Imaging techniques that exploit x-ray phase in image formation include propagation-based imaging methods⁶, analyzer-based imaging methods⁷, speckle-based imaging methods⁸, crystal-based interferometric methods⁹, grating-based interferometric methods¹⁰, and grating-based non-interferometric methods¹¹. These methods use different experimental setups to generate phase sensitivity, and consequently their requirements very in terms of x-ray beam spatial and temporal coherence. Some attempts to quantitatively compare different XPCI methods have been made in the past^12,13,14.

The subject of this paper is a grating-based non-interferometric imaging method. This category of methods employs modulators, typically masks with alternating absorbing and transmitting septa, upstream of the sample, which structure the x-ray beam into an array of beamlets with negligible mutual overlap. The sample’s attenuation and refraction then lead to an intensity reduction and to a lateral shift of the beamlets, respectively. Sensitivity to the latter is achieved by using either a second mask at the detector (edge illumination¹¹), or a detector with a sufficiently small pixel size to individually resolve the beamlets (beam tracking¹⁵). Although the requirement for small pixel size detectors limits its field-of-view, beam tracking has the significant advantage that attenuation and refraction signals are retrieved from a single frame. It should be noted here that, both sensing mechanisms, edge illumination and beam tracking, enable also the retrieval of the dark field (small-angle scattering) signal; however, this was considered beyond the scope of this work, which focuses on the unidirectional scanning allowed by a new mask design. We initially tested beam tracking XPCI with synchrotron radiation¹⁶, then translated it to a laboratory setup¹⁵; in both cases, one-dimensional phase sensitivity was achieved using a mask with long, parallel slits. This technique was further developed for CT^17,18, for two-dimensional phase sensitivity using a mask with round apertures^19,20, and by combining both of these advances with synchrotron radiation²¹ and in a compact laboratory set-up²². It should be noted that direct resolution of an array of beamlets with a detector with sufficient resolution shares similarities with the Shack-Hartman wavefront sensor (which, however, uses lenses), and indeed other groups developed similar concepts, even earlier on^23,24.

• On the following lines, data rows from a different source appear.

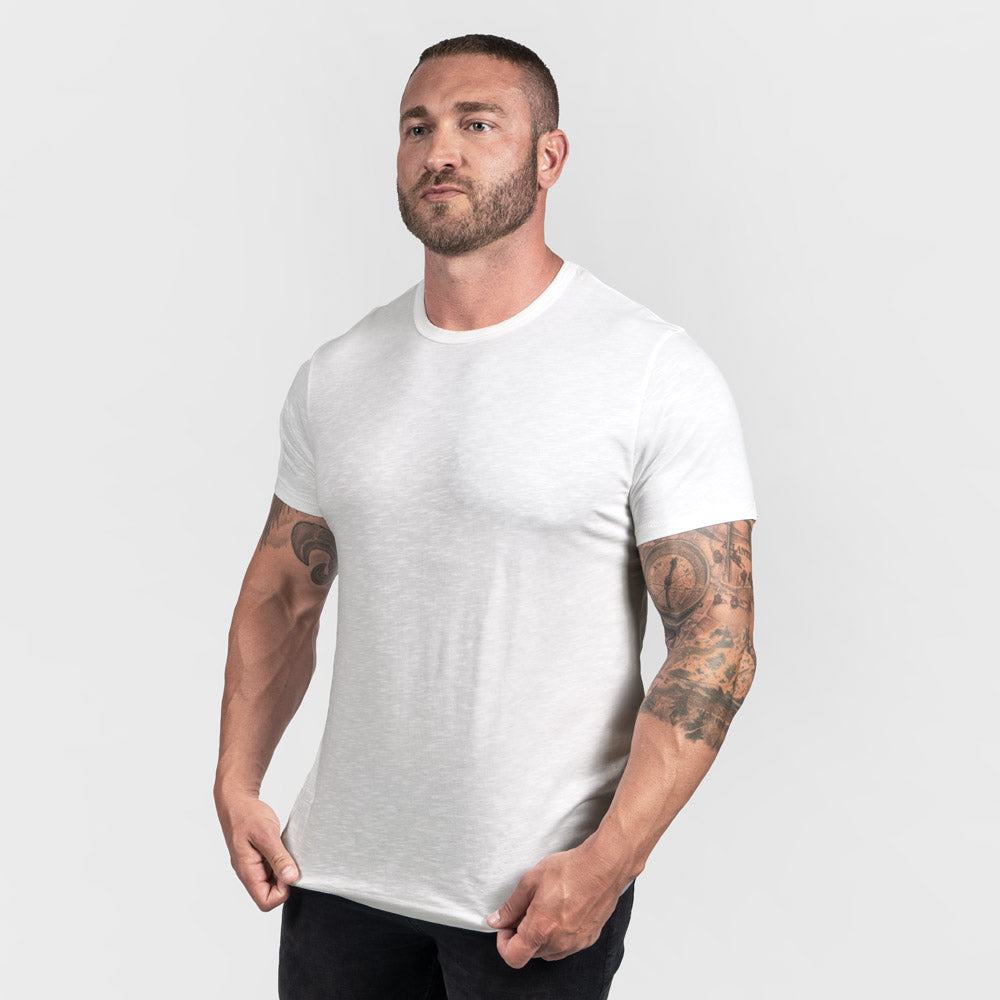 A muscular man with a beard stands confidently wearing a fitted white t-shirt against a light gray background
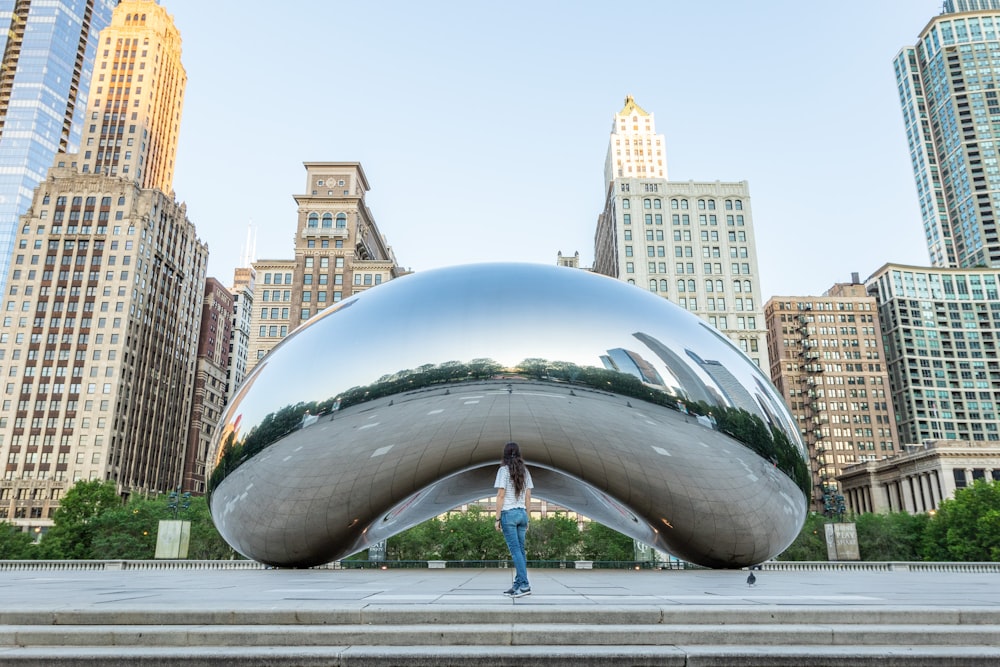 a person standing in front of a large metal object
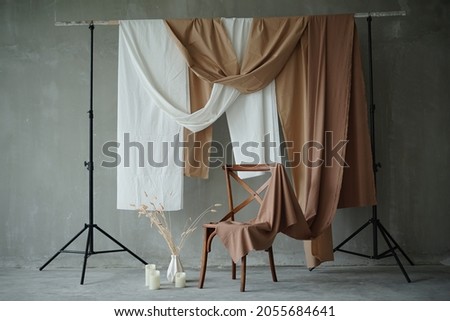 Wood Chair Studio Setup Photography with brown and white fabric Ornaments Decoration. 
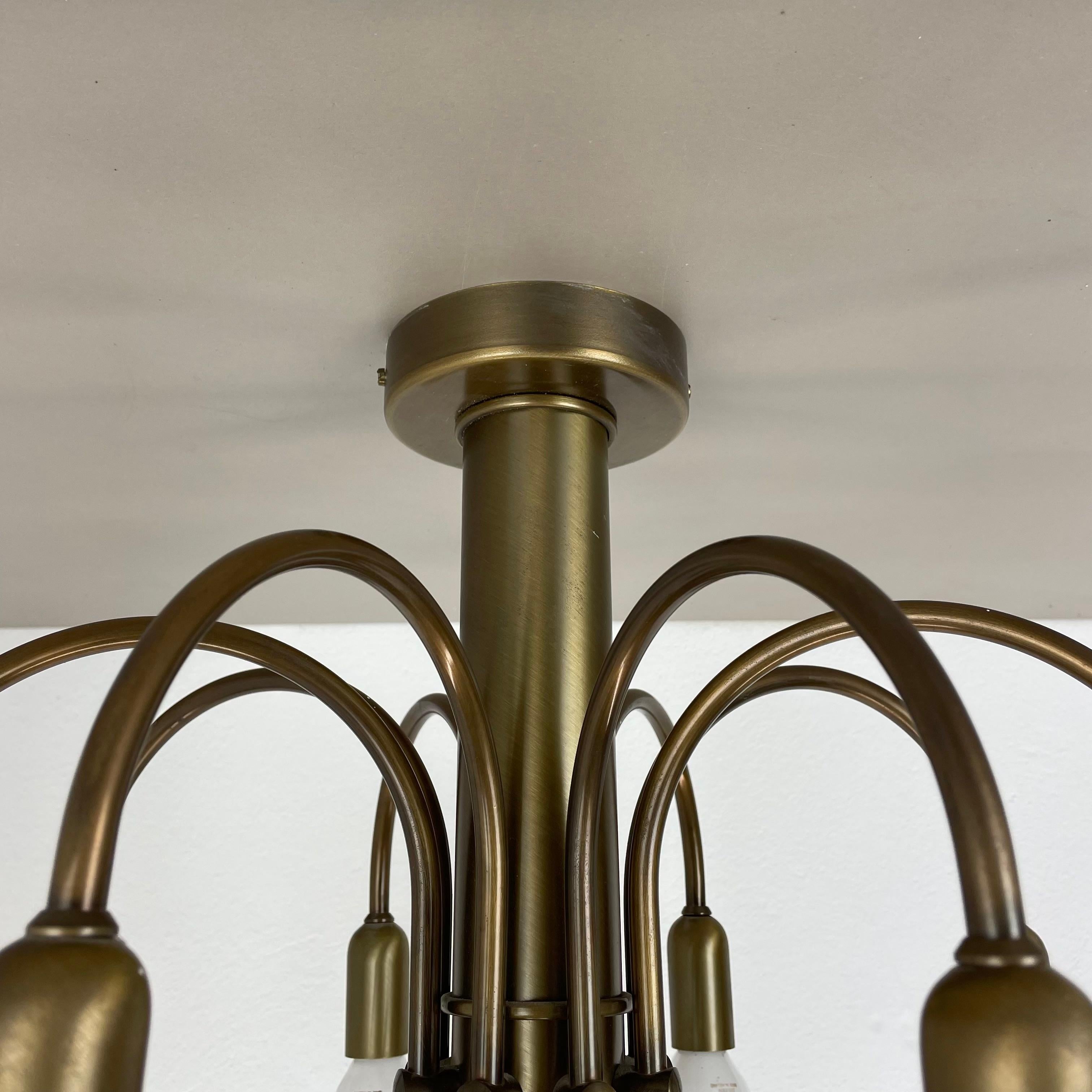 Metal large 12-armed solid Brass ceiling light Chandelier by WKR Lights, Germany 1970s For Sale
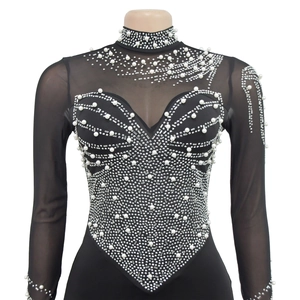 Detail of black bodysuit featuring elegant heart silhouette with pearls and rhinestones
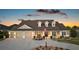 Charming home featuring a three-car garage, dormer windows, a cozy front porch, and a well-manicured lawn at 4049 Nostalgia Ter, The Villages, FL 32163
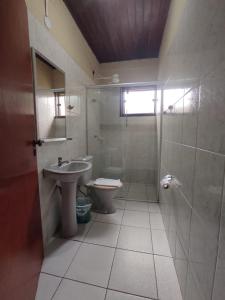 a bathroom with a toilet and a sink and a shower at Pousada Flor de Jambo in Ubatuba +7 photos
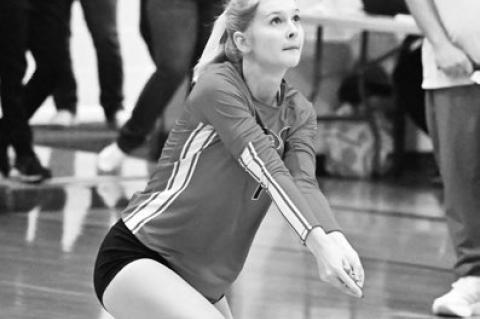 HIGH PLAINS COMMUNITY’S Tessa Morris digs up a pass from Newman Grove/St. Edward last Tuesday night in Elba.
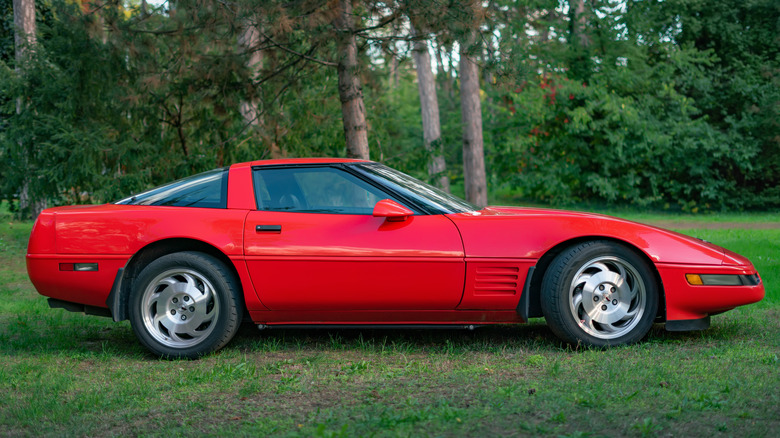 A red Chevy C4 Corvette parked in a forest opening
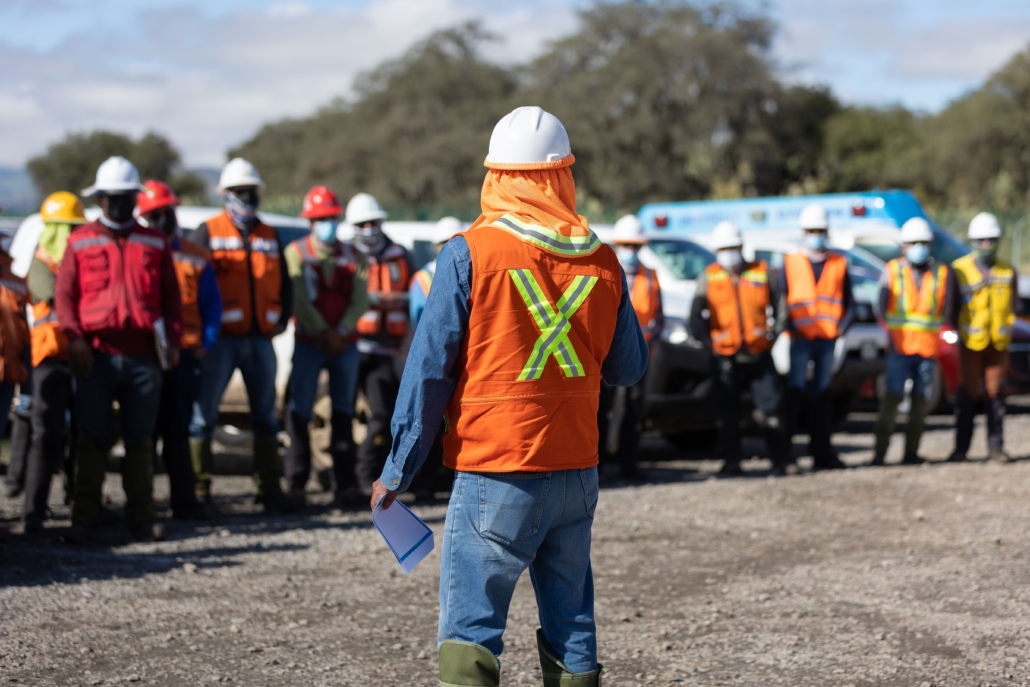 Team leader assigning a job for the team of technicians, foreman and engineers in a meeting
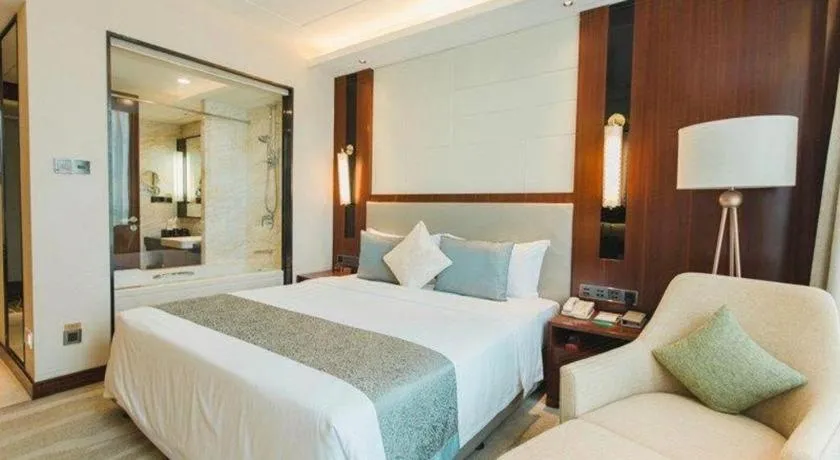 Bed in Grand Soluxe Zhongyou Hotel Shenzhen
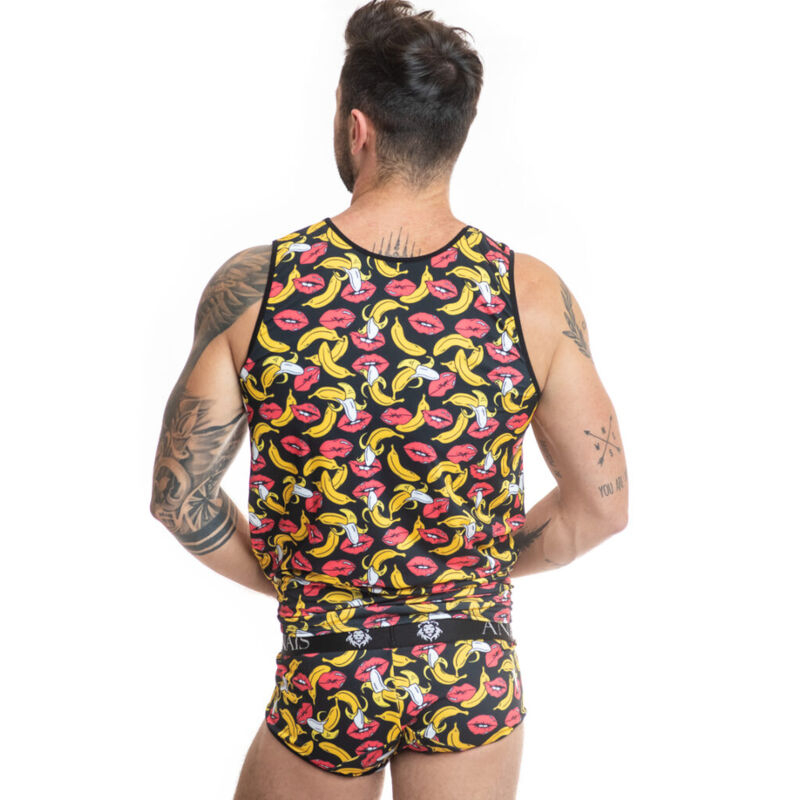 Man with tattoos wearing banana-print tank top and brief set, shown from behind.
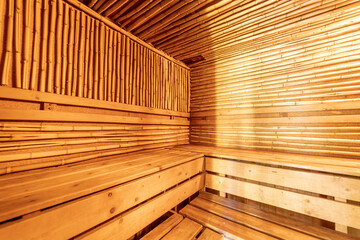 Sauna interior. Wooden homemade traditional sauna. Spa wellness at hotel treatment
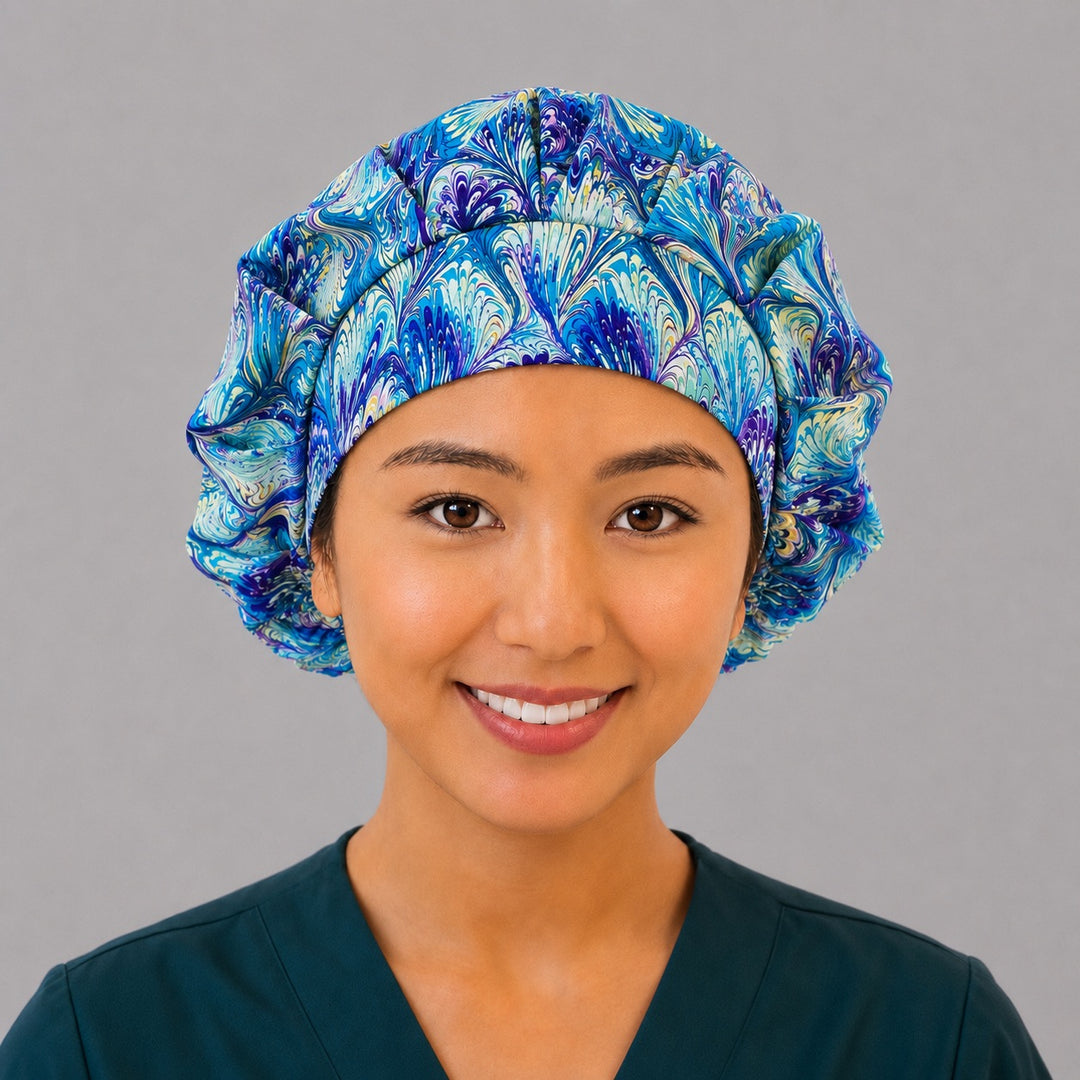 Blue and purple ripples bouffant scrub cap right side profile showing marbled peacock swirl print in blue purple and gold, women&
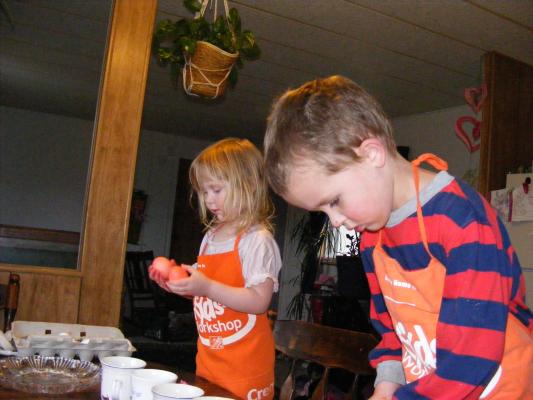 Sarah and Noah in orange aprons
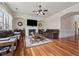 Comfortable living room with a fireplace, hardwood floors, and a ceiling fan at 2220 Stirling Bridge Rd, Cumming, GA 30041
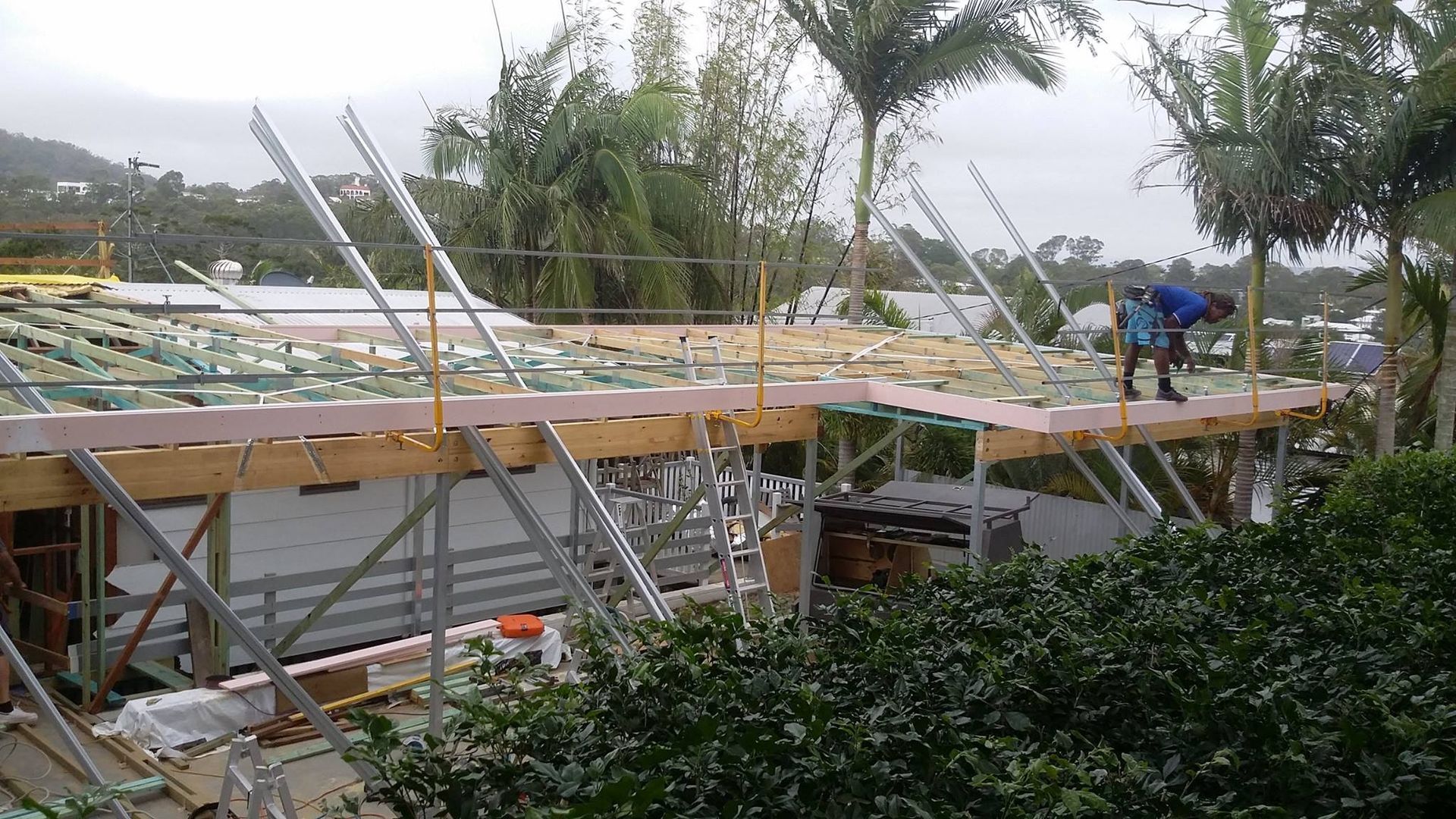 Construction Workers on a House Roof Supported by Scaffolding — Over the Top Roofing Specialists in Caloundra, QLD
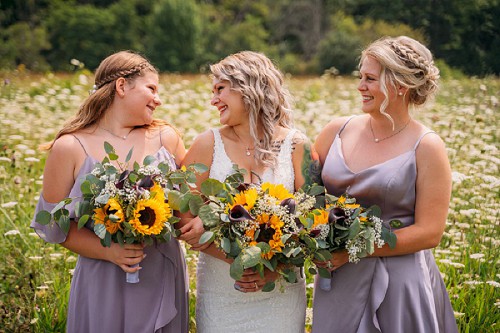 bride and bridesmaids laughing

A common feature of mask-based methods is that the parts of the sample covered by the mask septa do not contribute to the image, which is however also what provides the option for aperture-limited resolution²⁵. This higher resolution can be accessed through a “dithering” scheme, consisting of scanning the sample (or the mask) in steps equal to the aperture size, acquiring images at all steps, and recombining them. Dithering is required only along the horizontal direction when a mask with parallel slits is used (1D structured beam). In this case, the phase sensitivity in the direction parallel to the slits is lacking. A significantly more extensive sample stepping is required for a 2D structured beam (enabling two-dimensional phase sensitivity), as the sample (or the mask) needs to be stepped both horizontally and vertically; a non-isotropic resolution is otherwise achieved. The fully dithering scheme has been investigated in 2D beam-tracking CT with both synchrotron radiation²¹ and a laboratory setup²² and has been proven effective in improving the spatial resolution to values equal to the aperture size (= dithering step size) in both directions. In both these cases, dithering steps in a 2D grid were acquired; since in CT the dithering process must be applied at each angle, this increases both the acquisition time and the complexity of the acquisition procedure.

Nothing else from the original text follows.